9. November 1989: Der Ausbruch - Geschichten vom 9. November 1989

Eine Physikerin fährt in die Sauna, ein Chefredakteur hat Angst vor morgen, und ein Pfarrer bereitet sich auf die Demo vor. Vor ihnen liegt die wichtigste Nacht ihres Lebens. Aber das ahnt am 9. November 1989 selbst nachmittags kein Mensch.

In der Nacht überquerte eine Kaltfront die Stadt. Das Tief hatte sich über Südengland gebildet, am frühen Morgen zog sein schmales Regengebiet ostwärts ab. Vielleicht fallen der jungen Wissenschaftlerin noch die letzten Tropfen ins Gesicht, als sie ihre Zwei-Zimmer-Wohnung in der Schönhauser Allee 104 verlässt und nach Adlershof fährt, ins Zentralinstitut für Physikalische Chemie. Es ist der 9. November 1989. Jeden Morgen beginnt sie um 7.15 Uhr mithilfe eines sowjetischen Computers über neue Verfahren der Plasteherstellung nachzudenken. Der Computer braucht Lochkarten zum Rechnen. Soweit ihre Aussichten, aber da ist noch eine: Heute ist Donnerstag, donnerstags geht sie in die Sauna, zur Saunaperle Knoppich im Thälmannpark. Sie gehört keiner Partei an, keiner Oppositionsgruppe, keiner Bürgerbewegung, sie gehört zur Internationale der Saunagänger. Schweigen und schwitzen. Schwitzen und schweigen. Noch zwölf Stunden bis zum ersten Aufguss!

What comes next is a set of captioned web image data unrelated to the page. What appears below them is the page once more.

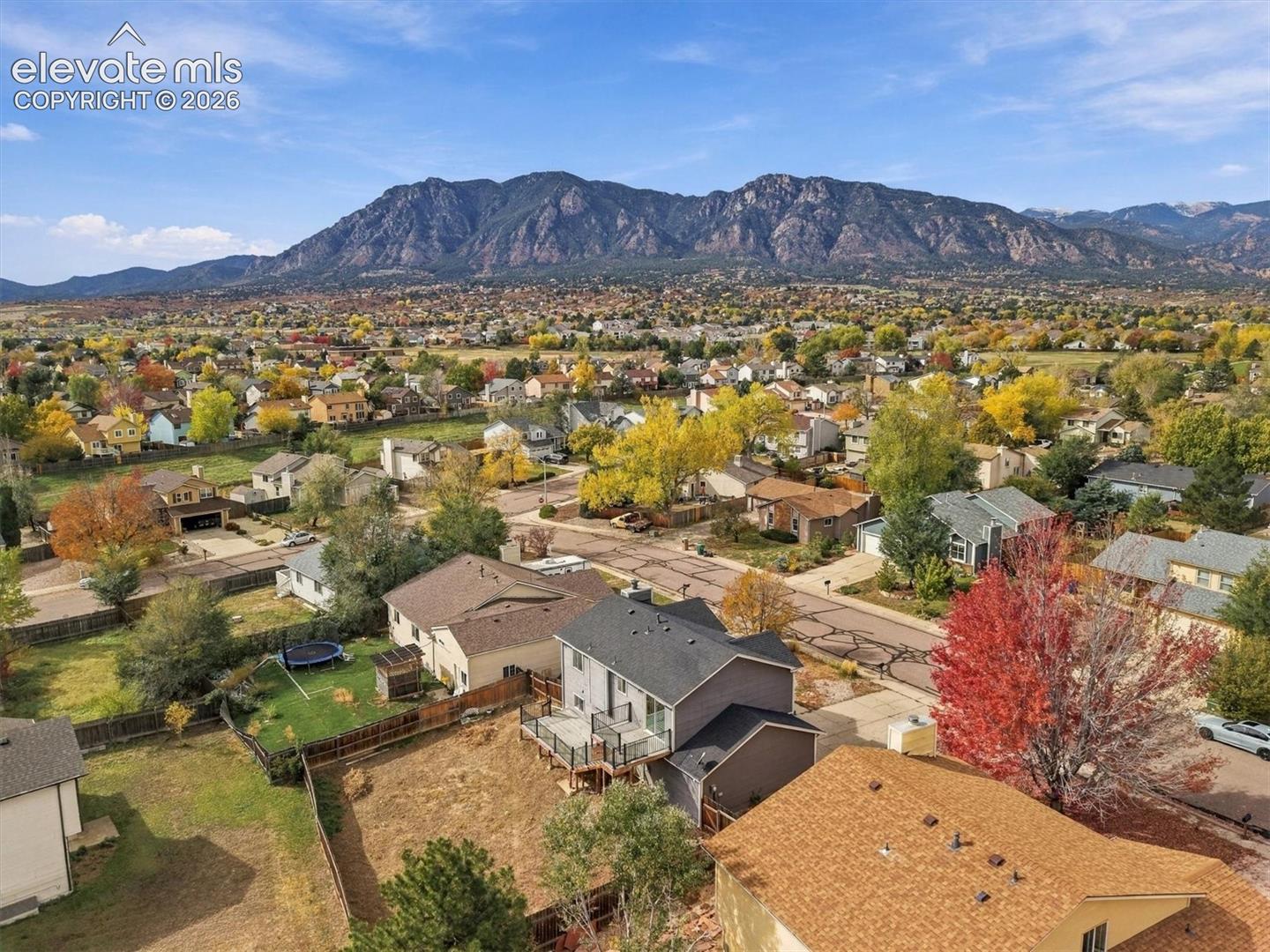 Aerial perspective of property featuring an elevated wooden deck with railings, asphalt shingle roofing, and a prominent mountain range backdrop
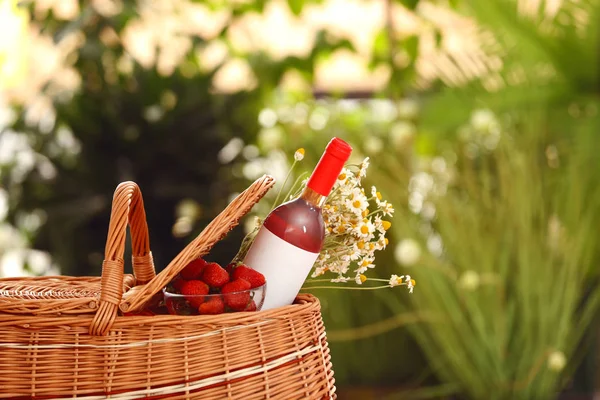 Корзина для пикника с вином, клубникой и цветами на размытом фоне, место для текста — стоковое фото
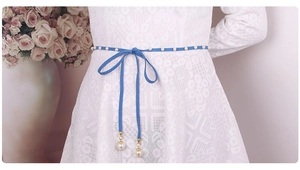 Blue velvet waist rope with pearls and pendant detail on white lace dress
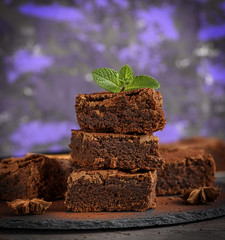 a stack of chocolate pieces of brownie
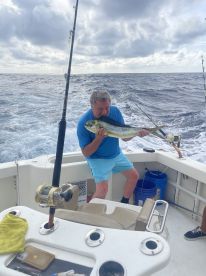 An angler proudly displaying a large Mahi Mahi while fishing on a charter boat in open waters.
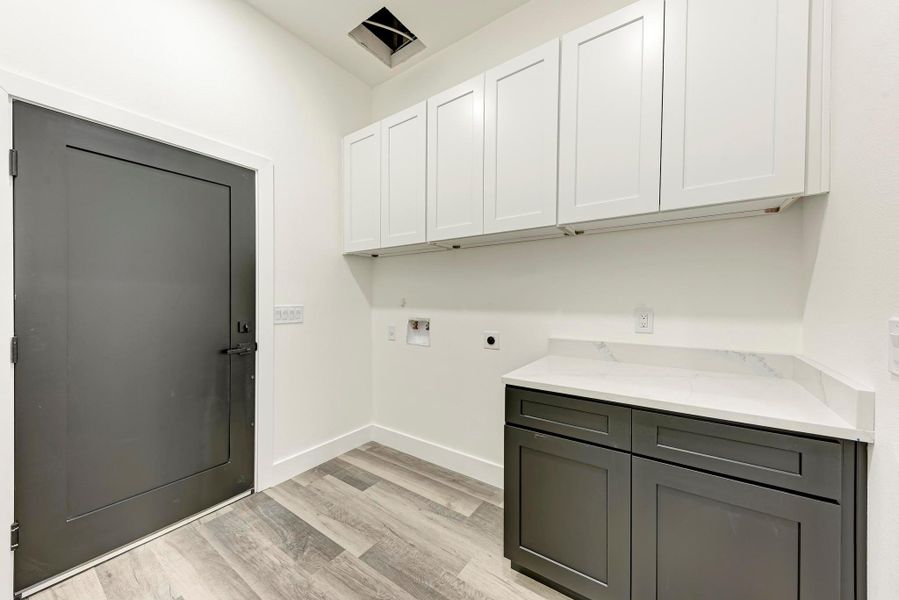 Laundry room in guest apartment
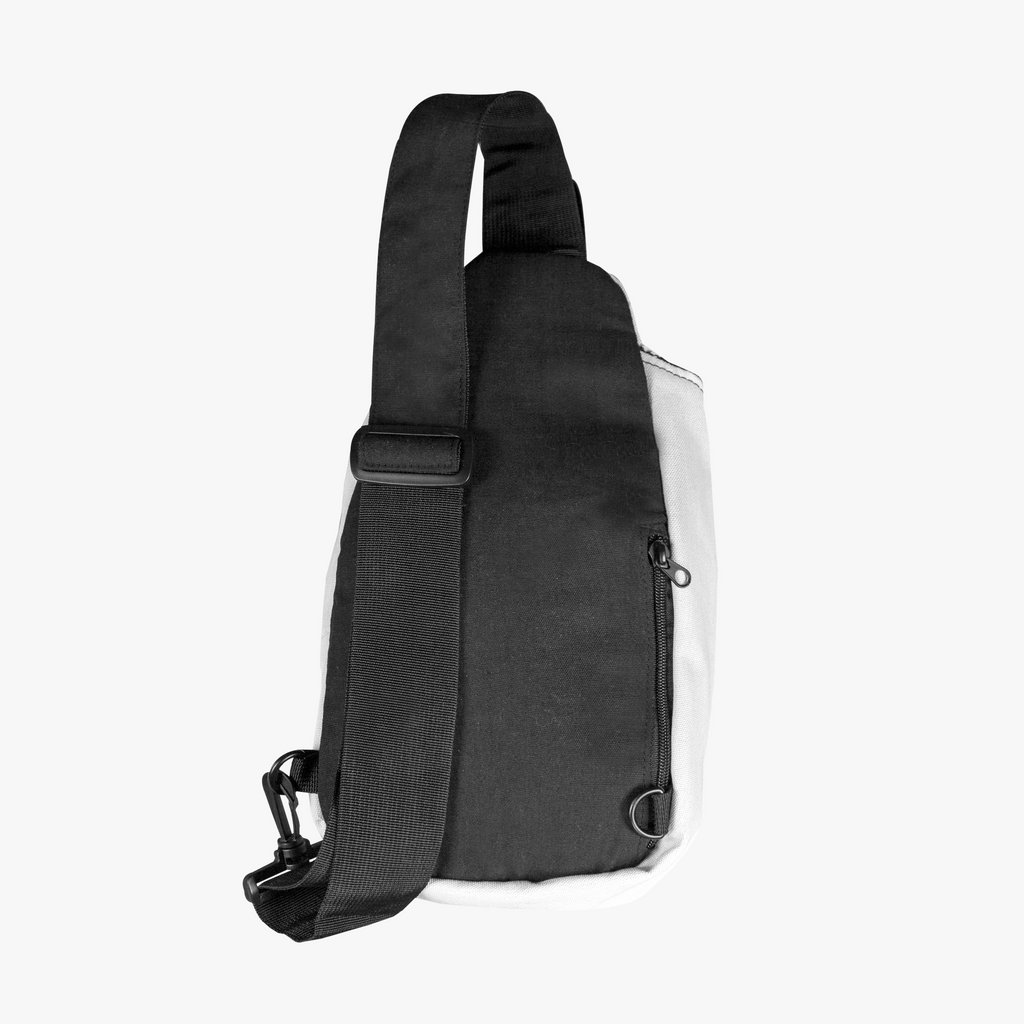 Back view of PurposeDriven™ minimalist white sling backpack with adjustable black strap on white background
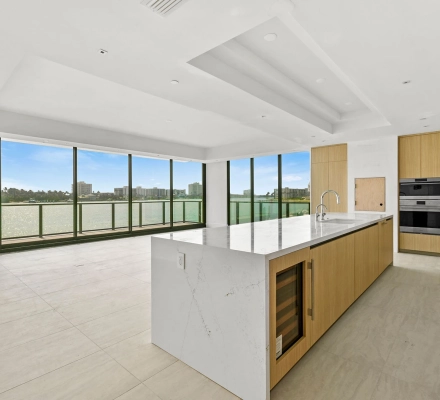 Modern waterfront kitchen with marble island, wood cabinets, and floor-to-ceiling balcony windows.
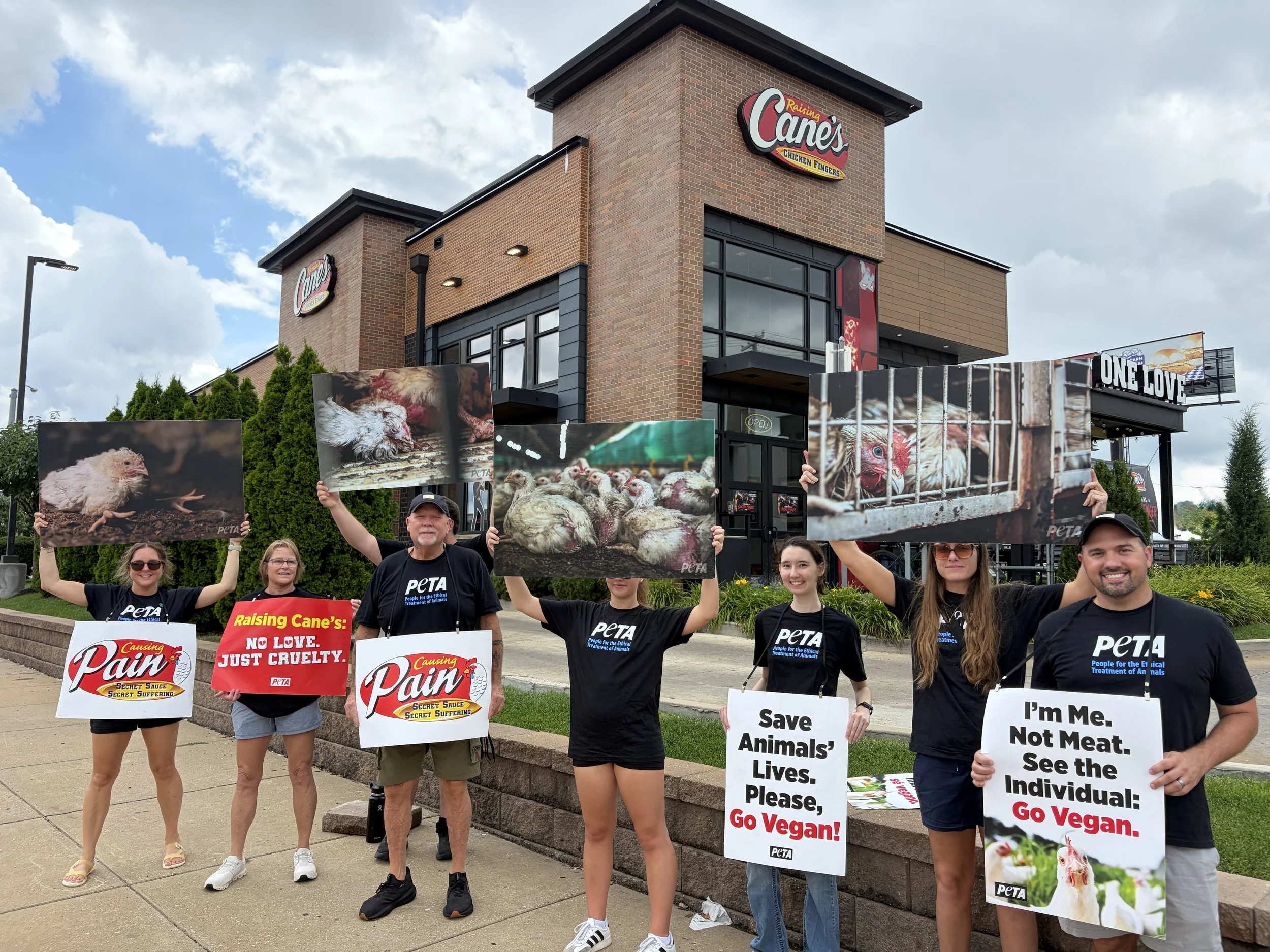 A group of activists pose for a photo outside of Raising Cane_s in St. Louis, Missouri.jpg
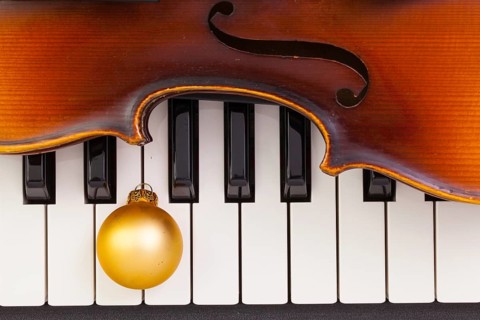 Top view close up shot of piano keyboard, old violin and Christmas decoration. Flat Lay Image
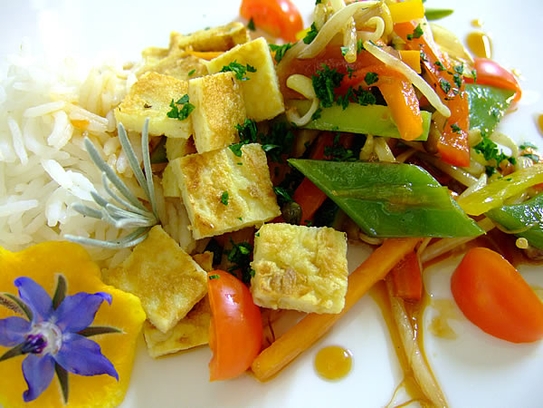 Vegetables and soy-bean sprouts stir-fried in the wok with jasmin rice and pan-seared omelette
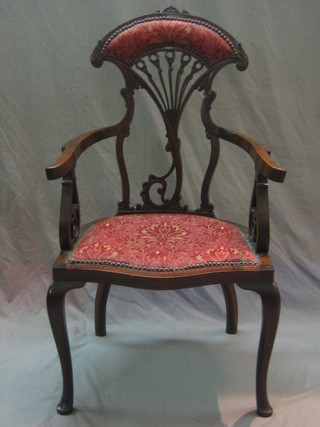 An Art Nouveau mahogany open arm chair of  with pierced vase shaped splat back and upholstered seat of serpentine outline, raised on cabriole supports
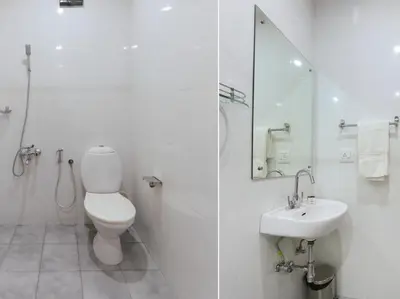 a white bathroom with a toilet and a sink at HOTEL NEWCASTLE in Vadakkāncheri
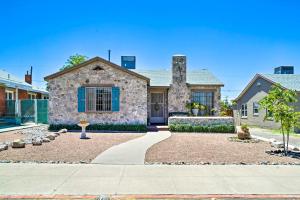 a stone house with a blue window at El Paso Home with Backyard and Outdoor Fireplace! in El Paso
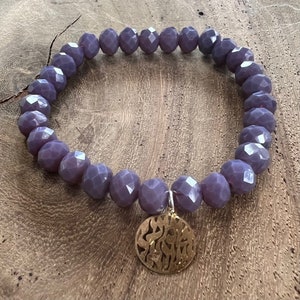 May include: A purple beaded bracelet with a gold charm. The charm has a decorative design.
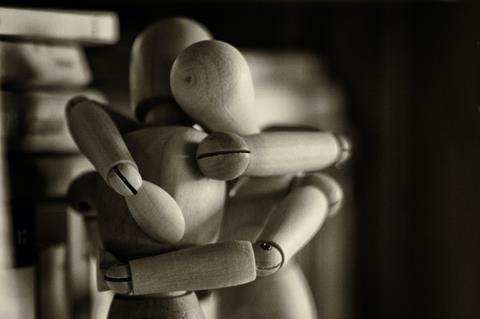 A blak and white photograph of two wooden artist mannequins in a hug position. In the background are some blurry images of books. By Marco Bianchetti via Unsplash
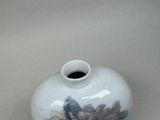 a white vase with a floral design on it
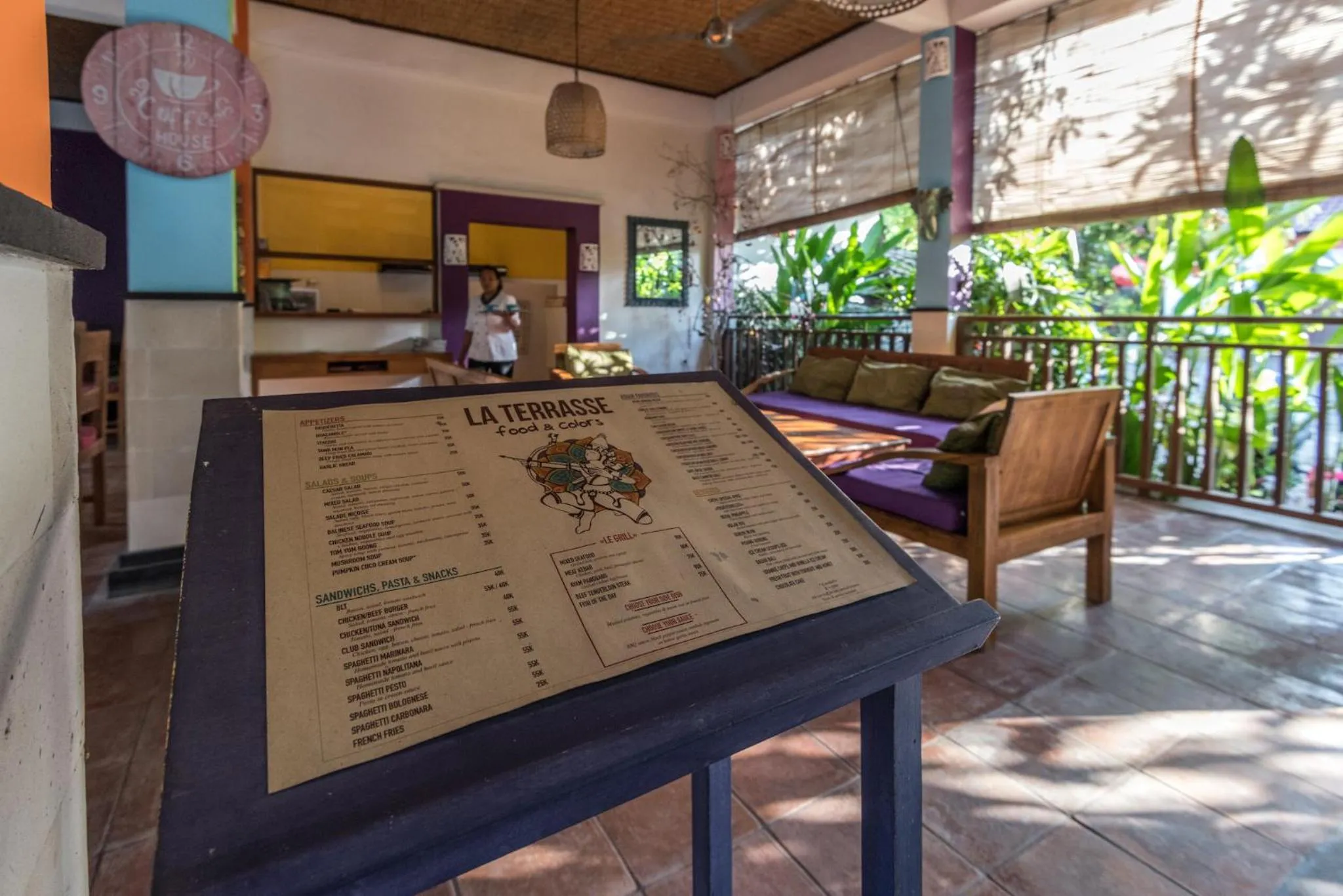 Un menu est présenté sur un chevalet devant une terrasse ombragée avec des tables et des canapés.
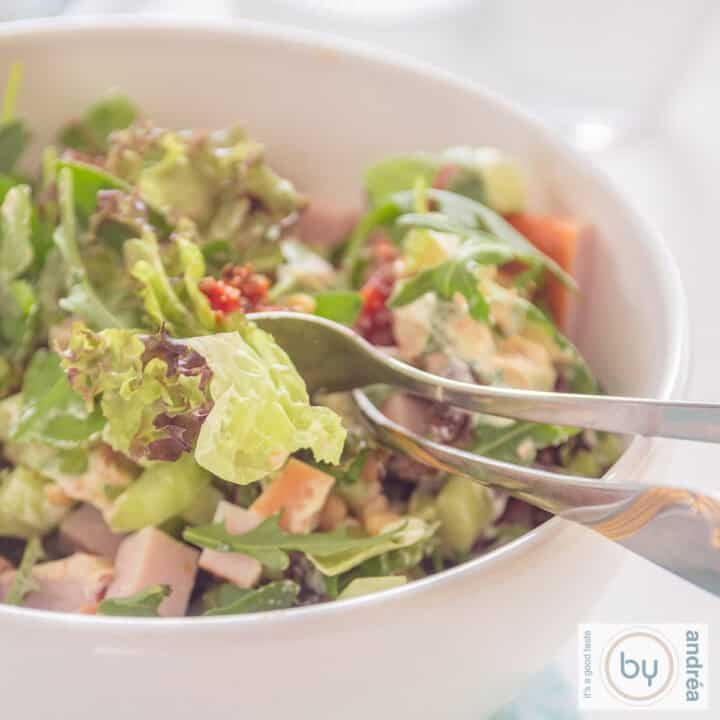 A square photo of a white bowl with green salad, smoked chicken and sun-dried tomatoes.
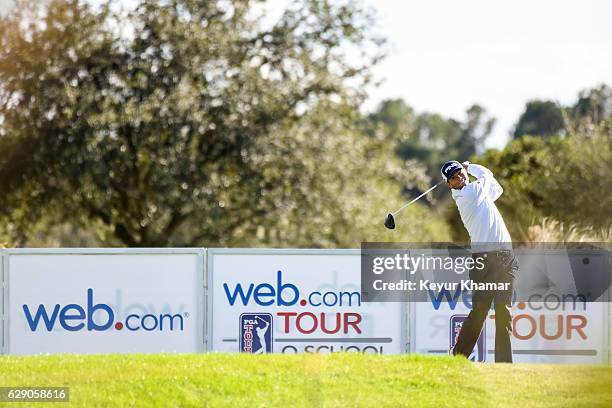 Luke Guthrie tees off on the 18th hole of the Panther Lake Course during the third round of Web.com Tour Q-School at Orange County National Golf...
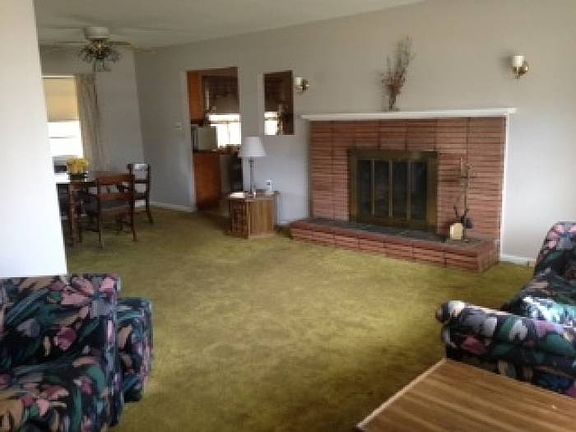Wood burning fireplace warms this open space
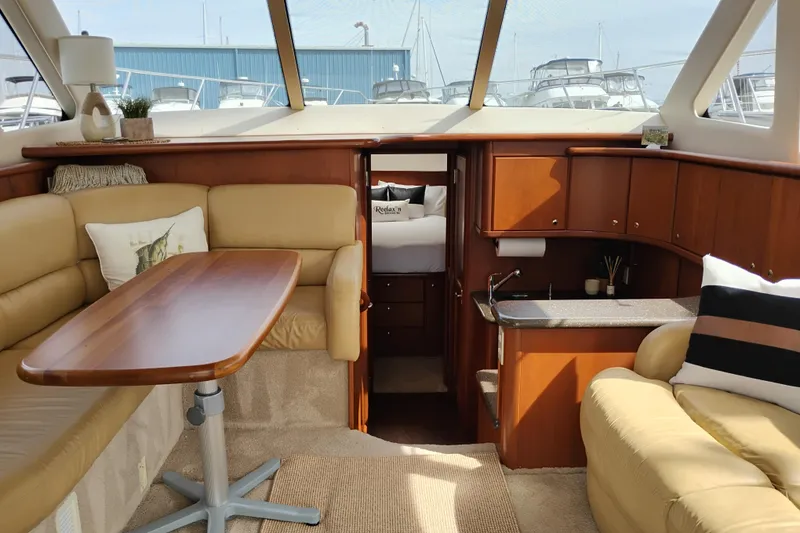 Slide: The Image of Interior of 2005 Silverton 38 Convertible yacht with cozy seating and kitchenette. - 48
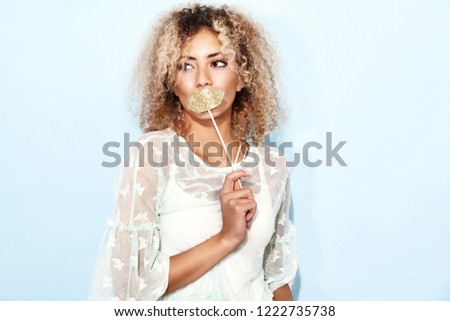 Portrait of blissful lovable woman with blond african hairstyle with big lips on stick. Smiling model girl in trendy summer clothes posing on blue background 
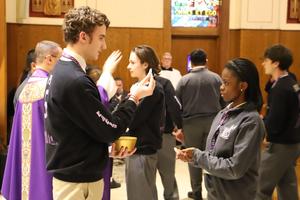 Brady distributes Holy Communion for the first time.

Der Chefredakteur der „Jungen Welt“ fühlt seit kurzem ein gewisses Unbehagen, wenn er der Tatsache ins Auge blicken muss, dass ein neuer Tag beginnt. Nicht, dass er feige wäre, im Gegenteil. Es hat ihn nie gestört, gegen eine Welt zu stehen. Er stellte sich und seine Zeitung im Juni am Tiananmen fest an die Seite der chinesischen Genossen, er pflegt keinen Unterschied zu machen zwischen Bürgerrechtlern, Skinheads und Westmedien und hält dies für die tiefere Sicht der Dinge. Seine Zeitung hat eine Auflage von 1,5 Millionen, sie gilt im Unterschied zum „Neuen Deutschland“ als weitgehend lesbar, wenn nicht originell. Ist er gar der wichtigste Mann im Staat? Als Hintergrundmensch besitzt er das Talent des Hintergrundmenschen, still seine Wirkung zu genießen. Er ist ein Pathetiker, leidensfähig für das, was er für das Gute hält. Aber er muss mit allen Sinnen daran glauben können.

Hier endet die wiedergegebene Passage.